O estranhamento se dá diante da consciência de que, em algum momento, nossa relação com aquela história narrada já foi uma relação vivenciada. Eu sei que aquela recordação é minha, mas o sei apenas porque me lembro de minha própria memória recontando a história para si mesma.
Muitas podem ser as formas da morte. Em uma passagem que, avant la lettre, poderia ser dita cheia de ecos borgianos, Spinoza afirma, com a naturalidade de quem dissesse “está chovendo”, que nenhuma razão nos obriga a considerar que um corpo somente morre quando se encontra transformado em cadáver. “Muito pelo contrário, conforme a experiência mesma nos ensina”, ele diz. O texto, então, assume um tom mais sombrio. Spinoza menciona que ouviu falar de certo poeta espanhol que, uma vez gravemente adoecido e não obstante tendo por fim se recuperado da moléstia, perdeu de tal forma a memória que não mais reconhecia como suas as fábulas e tragédias que outrora escrevera. “Por vezes”, comenta o filósofo, “acontece que um homem sofra mutações tais que dificilmente poderia ser dito permanecer ainda o mesmo”. O contexto da passagem é mais radical do que a mera citação deixa transparecer: Spinoza não está simplesmente afirmando que as pessoas mudam conforme suas experiências, o que de resto seria uma banalidade, mas sim que certas afecções podem modificar de tal maneira os indivíduos que, rigorosamente falando, eles morrem e se tornam outros.

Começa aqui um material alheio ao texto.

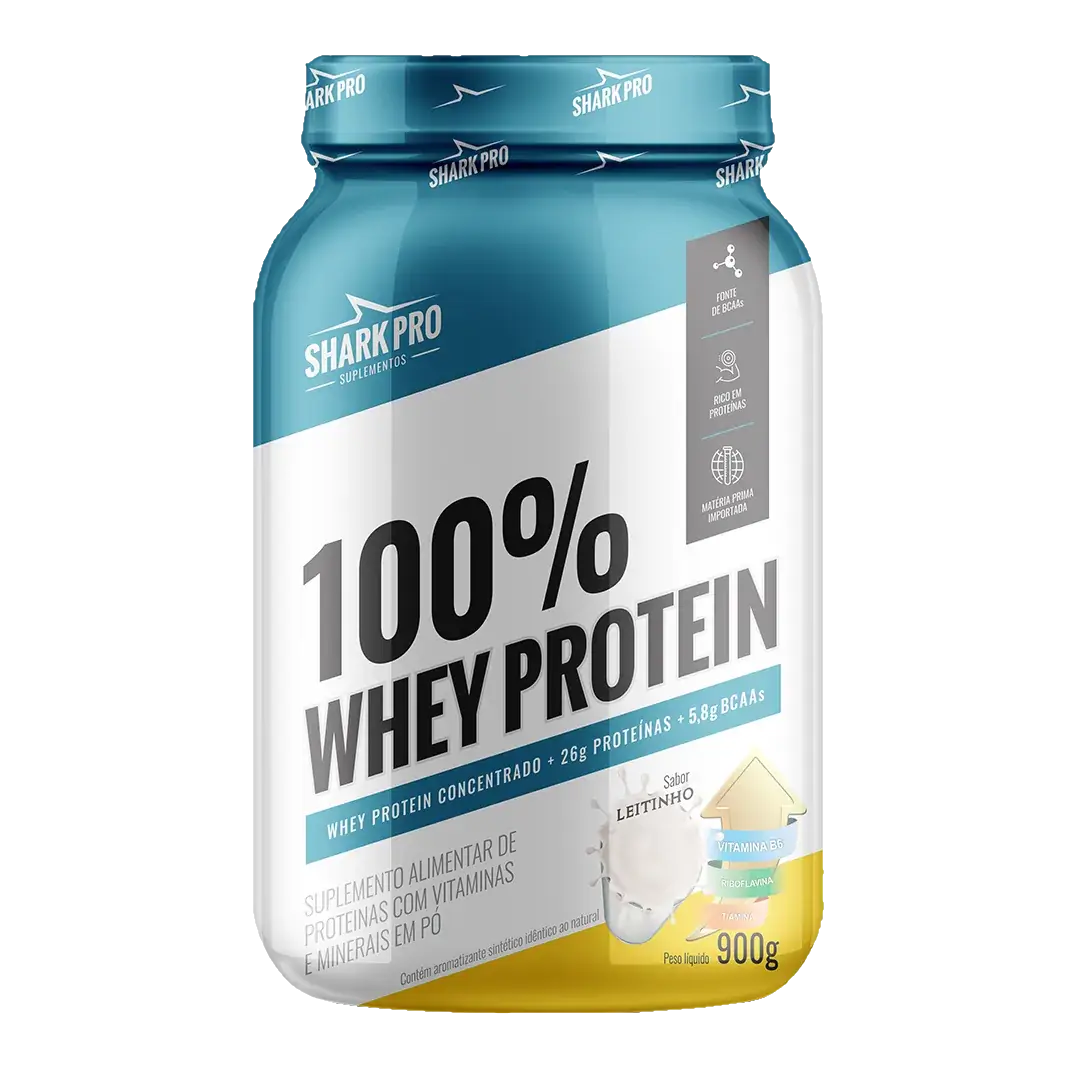 SHARK Whey Concentrado POTE 900g - Leitinho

Se hoje é bem conhecida a possibilidade de que cheguemos a acreditar sinceramente em recordações de eventos que jamais aconteceram (e os trabalhos de Elizabeth Loftus demonstram inclusive a possibilidade de tais recordações serem deliberada e clinicamente criadas), o avesso dessa confabulação é nos depararmos com recordações que deixaram de ser propriamente nossas, ainda que reais e de modo algum esquecidas. Arrebentada a cadeia virtual de inumeráveis atualizações que ligava numa ponta o momento do acontecimento propriamente dito e, na outra, sua narrativa mais recente, tais recordações passam a vaguear destripuladas e à deriva pelas vastidões oceânicas de nossa alma à espera da misericórdia do esquecimento. Trata-se da desconcertante experiência de que, como num aborto retido, carregamos em nós partes mortas do que já fomos.
O passado pode estar povoado por diversos fantasmas, mas os mais assustadores são aqueles diante dos quais guardamos um respeito incomum, quase reverencial: aqueles que se desprendem dos cadáveres de versões apodrecidas de nós mesmos.